El Polo Norte se derrite… y nuestra justicia, también Jesús Maraña
España y Europa
Aunque sea triste que la campaña electoral haya dejado los debates de Europa en un segundo plano, bajo la crispada ofensiva interna de la oposición al Gobierno, llevo días explicándome a mí mismo que esta dinámica alterada tiene mucho que ver, en el fondo y en la forma, con el futuro del destino europeo. Cada grito nacional tiene que ver con Europa.
Después de la crisis de finales del siglo XIX que se encarnó en el malestar de la generación del 98, la sociedad tomó conciencia no ya del significado de la pérdida de Cuba y Filipinas, sino de la quiebra política de una Restauración que había separado la España oficial de la España real. Los debates parlamentarios entre los conservadores y los liberales se iban sucediendo como disputas en las nubes, pero sin lluvias verdaderas, porque no había decisiones discutidas sobre los cambios que se necesitaban para remediar el atraso económico, el caciquismo y la desigualdad nacional. Después de los gritos noventayochistas, el joven Ortega y Gasset lanzó un diagnóstico que se hizo muy popular el los primeros años del siglo XX: España es el problema y Europa la solución.

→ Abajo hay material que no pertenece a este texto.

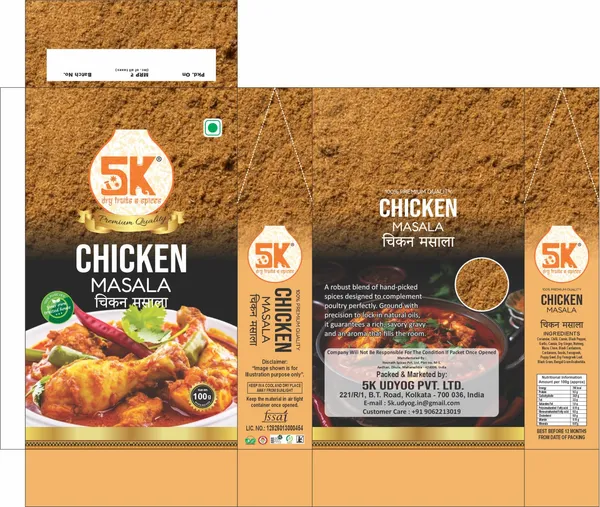 Chicken_Masala_Spice_Blend_Pack_Of_4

Los argumentos estaban claros. La descomposición de España debía superarse en el camino de la modernidad económica y los deseos democráticos de Europa. Debíamos tomar ejemplo de las realidades ya vividas en el mundo universitario y social de Europa. Pero la historia, cuidado, está siempre en movimiento y los diagnósticos que aspiran a ser perpetuos son superados por los cambios de la realidad. La guerra de 1914 recortó mucho las ilusiones ejemplares de una Europa entonces sometida a la apetencia bélica y negociante de sus fronteras. De pronto esa Europa no era la solución.

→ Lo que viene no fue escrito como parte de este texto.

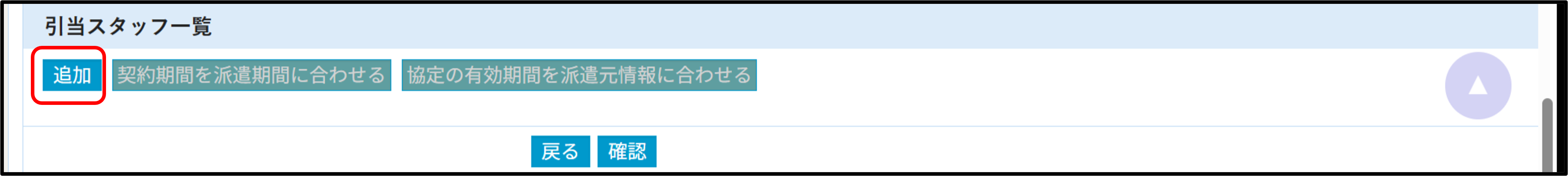 受注引き当てスタッフ.png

Las discusiones sobre España tienen mucho que ver con el posible futuro de Europa. Defenderse de los gritos autoritarios y de la extrema derecha es defender la necesidad de una Europa definida por la democracia social
Europa volvió a ser la solución cuando España aspiró a la modernización política de la Segunda República, intentando equilibrar el mundo oficial de las instituciones con la realidad nacional. Pero tardó poco en volver a quebrarse la situación. El auge de los totalitarismos y una nueva guerra dejaron a España otra vez sin compañía en su rumbo hacia la democracia social. En plena Guerra Civil, María Zambrano, una discípula de Ortega, defendió la apuesta humillada de nuestra razón poética frente al pragmatismo cartesiano que había derivado en las prepotencias economicistas o en la muerte industrial de las cámaras de gas y los campos de concentración.
Como todo pasa y todo queda, Europa volvió a ser la solución para España bajo la dictadura franquista de los años 60. Aunque Fraga Iribarne proclamaba que España era diferente, mientras intentaba reducir los diálogos internacionales al turismo y la belleza rubia de las suecas, la realidad morena española buscaba en Europa un futuro democrático y un desarrollo económico que hiciese compatible el progreso nacional con la libertad y la igualdad. España quería salir del pantano autárquico, ser Europa, unir progreso y democracia. Y España lo consiguió, entró en Europa, somos ya tan responsables de Europa, es decir, de nosotros mismos, como los franceses, los italianos o los alemanes.
Así que ahora los debates sobre Europa son también los debates sobre España. Y las discusiones sobre España tienen mucho que ver con el posible futuro de Europa. Defenderse de los gritos autoritarios y de la extrema derecha es defender la necesidad de una Europa definida por una democracia social que se sustente en los valores constitucionales de la libertad y la igualdad. Y abandonarse a los nacionalismos totalitarios es jugar a otro cambio, histórico y de raíz, que desarticule por dentro la Unión Europea.
Por eso los debates sobre los odios nacionales son en el fondo una discusión sobre Europa. Y son, además, la consecuencia de un nuevo intento de separar la política oficial y la realidad social a través de los discursos identitarios. El rechazo al extranjero es el nuevo disfraz que el neoliberalismo agita para esconder la ambición económica global de las grandes fortunas. Les importa poco que la democracia pierda sus valores y las instituciones sus formas.
España y Europa, a la vez, ahora, ya, son el problema y la solución.